Fig. 3 is a schematic of the fully differential FSC circuit. It consists of an input sampling network S1–S4, C1, and C2, a regenerative amplifier M1–M4, reset switches S5–S7, and inverters N1–N2. Inverter N1 simply provides symmetric loading of the circuit to avoid systematic offsets. The circuit functions as follows. In the offset-cancellation mode,  $\Phi_1$  is high, S3–S7 are on, nodes P and Q charge to  $V_{\rm REF}^+$  and  $V_{\rm REF}^-$ , respectively, and the amplifier's offset is stored on C1 and C2. In the transition from this mode to the comparison mode,  $\Phi_1$  goes low, turning off S3–S7 and turning on S1 and S2. The circuit then begins to regenerate, amplifying the difference between  $V_{\rm IN}^+$  –  $V_{\rm IN}^-$  and  $V_{\rm REF}^+$  –  $V_{\rm REF}^-$ . The waveforms at nodes X and Y are shown in Fig. 4, wherein the amplitude of  $\Phi_1$  (= 5 V) is reduced for clarity.
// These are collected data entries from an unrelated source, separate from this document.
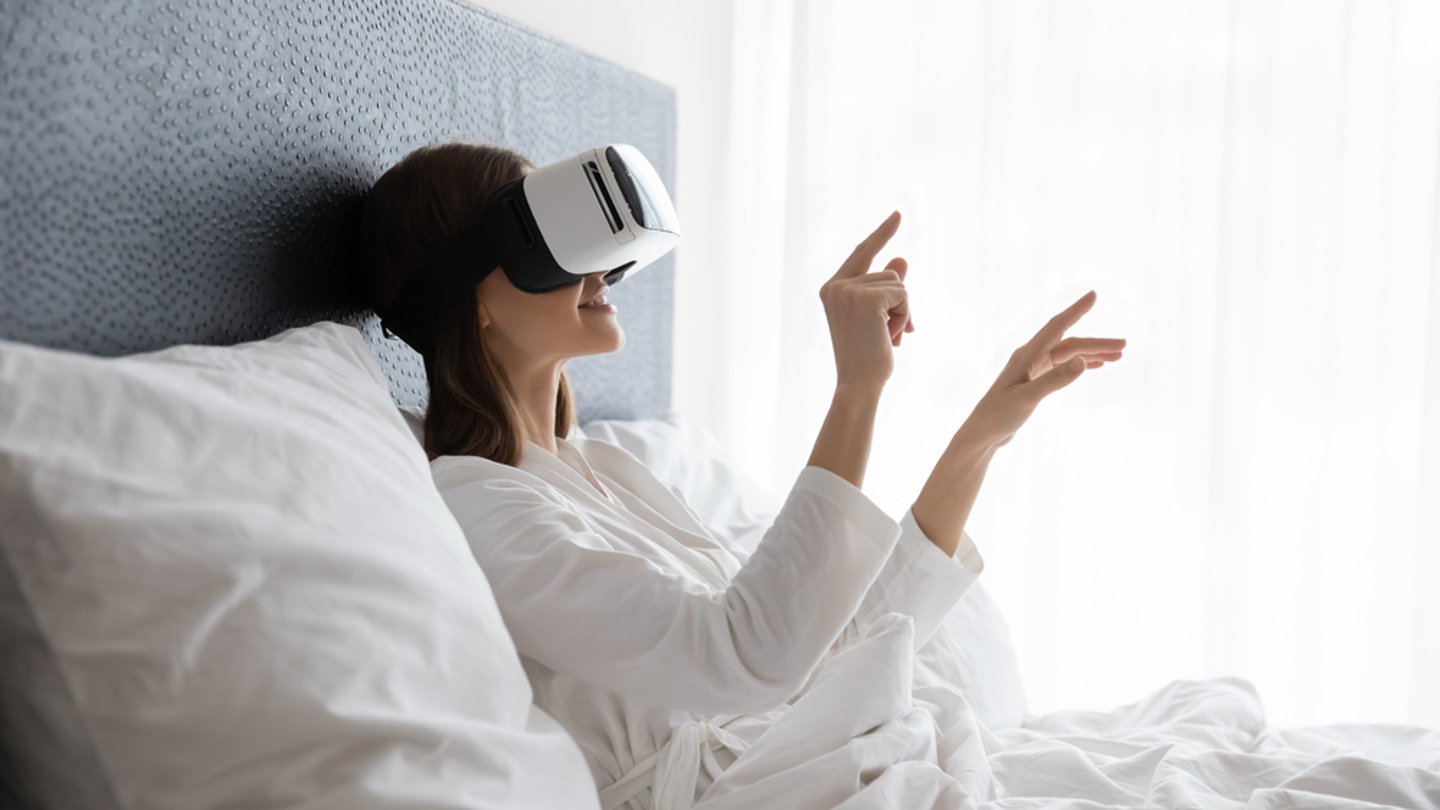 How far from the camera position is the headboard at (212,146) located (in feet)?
2.94

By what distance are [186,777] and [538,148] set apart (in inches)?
47.6

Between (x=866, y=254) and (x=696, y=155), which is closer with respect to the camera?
(x=866, y=254)

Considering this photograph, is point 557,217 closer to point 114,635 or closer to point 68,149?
point 68,149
Since the FSC begins regeneration with M1-M4 already on, its offset voltage is relatively independent of the clock fall time. Nonetheless, if S5-S7 turn off simultaneously, any mismatch in the charge injected onto the gates and drains of M1 and M2 can cause a false regeneration around M3 and M4, resulting in a large input-referred offset. In order to avoid this problem, the circuit actually uses delayed versions of  $\Phi_1$  to realize the following sequence: 1) turn S3-S6 off to end the reset mode, 2) turn S1 and S2 on to begin the tracking mode, and 3) turn S7 off to allow regeneration around M3 and M4. Switching S5 and S6 off before turning S1 and S2 on significantly lowers the capacitance seen at the inputs when S1



Fig. 3. First-stage comparator.



Fig. 4. Output waveforms of first-stage comparator ( $\Phi_1$  not to scale).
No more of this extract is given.